Les personnes supplantent les projets politiques de société, ce qui donne l’avantage au candidat proéminent sur lequel les électeurs font une focalisation de leur choix. Or la personnalisation du pouvoir et le marketing politique interne et externe polissent de façon permanente l’image du Président-candidat de manière à lui procurer des qualités qui font qu’il se démarque « positivement » des autres centaines, aux élections présidentielles. Donc, on peut comprendre que beaucoup d’électeurs votent le Président Biya, la figure emblématique de l’élite qui gouverne, même si elle gouverne mal.

(3) Dissonance cognitive et pressions cognitives.

Selon Léon Festinger, on entend par dissonance cognitive « un état de tension désagréable dû à la présence simultanée de deux cognitions (idées, opinions ou croyances, comportements) psychologiquement inconsistantes [incompatibles] ». Pour réduire cette tension et cette gêne, les individus se mentent à eux-mêmes.
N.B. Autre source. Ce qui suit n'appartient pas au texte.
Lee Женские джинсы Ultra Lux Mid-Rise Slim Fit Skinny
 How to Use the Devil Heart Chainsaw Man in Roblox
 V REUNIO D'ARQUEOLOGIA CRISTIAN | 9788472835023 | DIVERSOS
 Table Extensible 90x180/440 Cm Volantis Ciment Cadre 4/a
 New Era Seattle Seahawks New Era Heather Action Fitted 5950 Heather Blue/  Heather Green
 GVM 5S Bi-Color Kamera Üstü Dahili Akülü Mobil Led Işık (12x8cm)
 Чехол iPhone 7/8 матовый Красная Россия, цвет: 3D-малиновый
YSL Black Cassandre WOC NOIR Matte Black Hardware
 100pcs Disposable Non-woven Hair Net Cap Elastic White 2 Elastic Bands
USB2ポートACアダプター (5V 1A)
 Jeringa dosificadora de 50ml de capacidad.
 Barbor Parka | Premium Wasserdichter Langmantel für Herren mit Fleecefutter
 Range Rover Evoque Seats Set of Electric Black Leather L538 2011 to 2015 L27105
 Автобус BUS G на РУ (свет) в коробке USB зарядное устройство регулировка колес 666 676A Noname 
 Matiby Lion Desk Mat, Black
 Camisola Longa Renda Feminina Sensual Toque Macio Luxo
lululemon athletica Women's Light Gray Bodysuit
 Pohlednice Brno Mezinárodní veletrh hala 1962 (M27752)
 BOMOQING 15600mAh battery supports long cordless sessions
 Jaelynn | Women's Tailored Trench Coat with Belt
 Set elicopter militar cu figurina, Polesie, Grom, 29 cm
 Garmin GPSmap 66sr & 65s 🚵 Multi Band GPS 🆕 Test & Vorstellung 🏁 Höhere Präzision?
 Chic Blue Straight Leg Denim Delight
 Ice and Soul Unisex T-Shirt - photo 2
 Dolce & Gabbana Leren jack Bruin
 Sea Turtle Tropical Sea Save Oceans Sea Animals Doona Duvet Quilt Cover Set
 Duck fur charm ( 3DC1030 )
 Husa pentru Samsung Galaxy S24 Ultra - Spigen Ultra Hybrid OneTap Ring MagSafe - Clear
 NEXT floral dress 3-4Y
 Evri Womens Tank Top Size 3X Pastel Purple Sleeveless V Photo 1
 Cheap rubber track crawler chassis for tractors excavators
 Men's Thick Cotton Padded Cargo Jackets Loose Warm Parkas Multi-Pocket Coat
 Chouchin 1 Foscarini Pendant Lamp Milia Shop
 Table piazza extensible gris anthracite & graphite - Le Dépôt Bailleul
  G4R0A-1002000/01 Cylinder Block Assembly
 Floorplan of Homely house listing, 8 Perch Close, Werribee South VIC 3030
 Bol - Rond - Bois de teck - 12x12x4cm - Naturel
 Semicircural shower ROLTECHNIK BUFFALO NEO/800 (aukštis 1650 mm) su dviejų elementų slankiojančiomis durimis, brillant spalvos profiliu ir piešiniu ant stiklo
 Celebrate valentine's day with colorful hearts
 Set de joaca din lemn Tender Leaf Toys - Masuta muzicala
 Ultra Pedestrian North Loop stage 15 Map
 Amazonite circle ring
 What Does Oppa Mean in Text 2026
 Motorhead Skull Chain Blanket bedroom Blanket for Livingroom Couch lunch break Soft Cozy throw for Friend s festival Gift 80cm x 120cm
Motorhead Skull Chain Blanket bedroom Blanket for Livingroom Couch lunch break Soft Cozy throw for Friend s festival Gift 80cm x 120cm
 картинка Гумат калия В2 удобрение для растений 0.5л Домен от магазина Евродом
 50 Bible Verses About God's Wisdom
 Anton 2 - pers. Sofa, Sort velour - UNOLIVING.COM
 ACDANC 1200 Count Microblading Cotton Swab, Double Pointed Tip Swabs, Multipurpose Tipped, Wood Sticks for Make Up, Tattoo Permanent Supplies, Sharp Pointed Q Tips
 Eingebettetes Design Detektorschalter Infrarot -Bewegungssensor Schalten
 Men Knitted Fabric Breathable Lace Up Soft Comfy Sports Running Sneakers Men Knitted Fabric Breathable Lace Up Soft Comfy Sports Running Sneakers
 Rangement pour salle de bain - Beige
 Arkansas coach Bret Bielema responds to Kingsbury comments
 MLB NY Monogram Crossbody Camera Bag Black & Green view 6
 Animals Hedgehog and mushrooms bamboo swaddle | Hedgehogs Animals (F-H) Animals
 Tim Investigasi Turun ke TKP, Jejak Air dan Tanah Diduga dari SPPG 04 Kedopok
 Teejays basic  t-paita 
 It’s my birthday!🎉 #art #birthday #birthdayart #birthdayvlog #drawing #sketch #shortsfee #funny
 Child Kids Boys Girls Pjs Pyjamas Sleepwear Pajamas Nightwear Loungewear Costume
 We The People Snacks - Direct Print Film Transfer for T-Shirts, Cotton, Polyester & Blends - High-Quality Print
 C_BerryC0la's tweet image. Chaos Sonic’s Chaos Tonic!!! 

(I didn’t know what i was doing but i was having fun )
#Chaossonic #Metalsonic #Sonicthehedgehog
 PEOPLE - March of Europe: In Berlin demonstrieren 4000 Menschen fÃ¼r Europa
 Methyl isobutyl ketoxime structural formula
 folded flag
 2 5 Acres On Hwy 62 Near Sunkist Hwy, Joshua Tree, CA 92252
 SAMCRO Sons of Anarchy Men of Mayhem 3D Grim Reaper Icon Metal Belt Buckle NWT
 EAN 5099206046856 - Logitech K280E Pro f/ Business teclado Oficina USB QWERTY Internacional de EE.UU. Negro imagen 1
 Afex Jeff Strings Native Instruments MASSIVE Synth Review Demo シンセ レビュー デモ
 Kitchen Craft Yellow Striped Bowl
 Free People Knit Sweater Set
C’est ce qu’on observe chez l’électorat camerounais. De même qu’un grand nombre de Camerounais conscients que l’alcool au volant est un danger mais continuent d’en être dépendants, de même qu’un grand nombre de Camerounais sont conscients que le bilan de Biya est indéfendable tout en continuant à voter pour lui. Combien de paysans pressurisés par le régime depuis 28 ans, qui luttent au quotidien pour avoir un repas par jour, avoir quelques litres d’eau potable, avoir les soins au rabais, faire scolariser leurs enfants déjà odieusement et lourdement endettés, voteront pour Paul Biya ? Combien de Camerounais(es) crient au changement mais signent les memoranda de soutien ou participent aux fraudes électorales en faveur de Biya? D’où la responsabilité individuelle dans le maintien du système.

Certes, Les pressions cognitives et psychologiques conditionnent le choix des électeurs. D’une part, elles consistent en chantages ou intimidations d’une certaine élite et administration publique sur les risques d’un choix individuel qui se portera sur un candidat autre que celui du parti au pouvoir. D’autre part, certains médias abusent de la vulnérabilité de bon nombre de citoyens au travers des reportages mensongers sur les réalisations du Président. Certains journalistes, par autocensure, lui prêtent les caractéristiques « hautement positives » qui créent chez les électeurs une association positive entre la personne de Biya et les bonnes nouvelles : c’est un conditionnement pavlovien de votes en faveur de l’homme qui domine, même absent, leur imaginaire collectif.

(4) coût de la propagande.

La fortune personnelle de Biya et ses réseaux financiers constituent un atout fort important qui est encore plus déterminant au Cameroun des villes et des villages où quelques billets de CFA, un tee-shirt etc., peuvent déterminer le choix d’un électeur. Or, les cadres du parti ou de la majorité gouvernementale peuvent se permettre toutes les folies financières. Car au sommet de l’Etat ils confondent les caisses de l’Etat avec celles du parti ou avec leurs comptes personnels. Ainsi le RDPC, premier parti de masse, est-il devenu le « Rassemblement Des Ploutocrates Camerounais » depuis 1992 (début de crise de légitimité de Biya). Au regard des moyens financiers et logistiques disponibles pour faire passer le mirage des promesses de « Cameroun à l’horizon 2035 » dans l’opinion, le Président et les siens détiennent ainsi un atout majeur qui fait défaut aux principaux partis d’opposition: c’est un jeu aux dés pipés. A ce tableau s’ajoute Election Cameroon.

(5) ELECAM.

Cet organe en charge de l’organisation des élections fera sans doute des efforts pour améliorer le processus électoral. Mais n’est-ce pas une illusion politique sans refonte de fichier électoral, sans impartialité de ses membres ? Car fort décrié, à juste titre, dans sa structure précaire voire son objet, il s’apparente bien à un Conseil de notables dans une société de cour pseudo-démocratique. Cette commission électorale non indépendante ne pourra pas traiter objectivement toutes les irrégularités entachant le scrutin.

Tel est le dévoilement du mécanisme de soutien de Paul Biya comme figure tutélaire d’une élite prévaricatrice dont il tient véritablement le pouvoir et non de la majorité de Camerounais qui souffrent de cette démocratie de façade.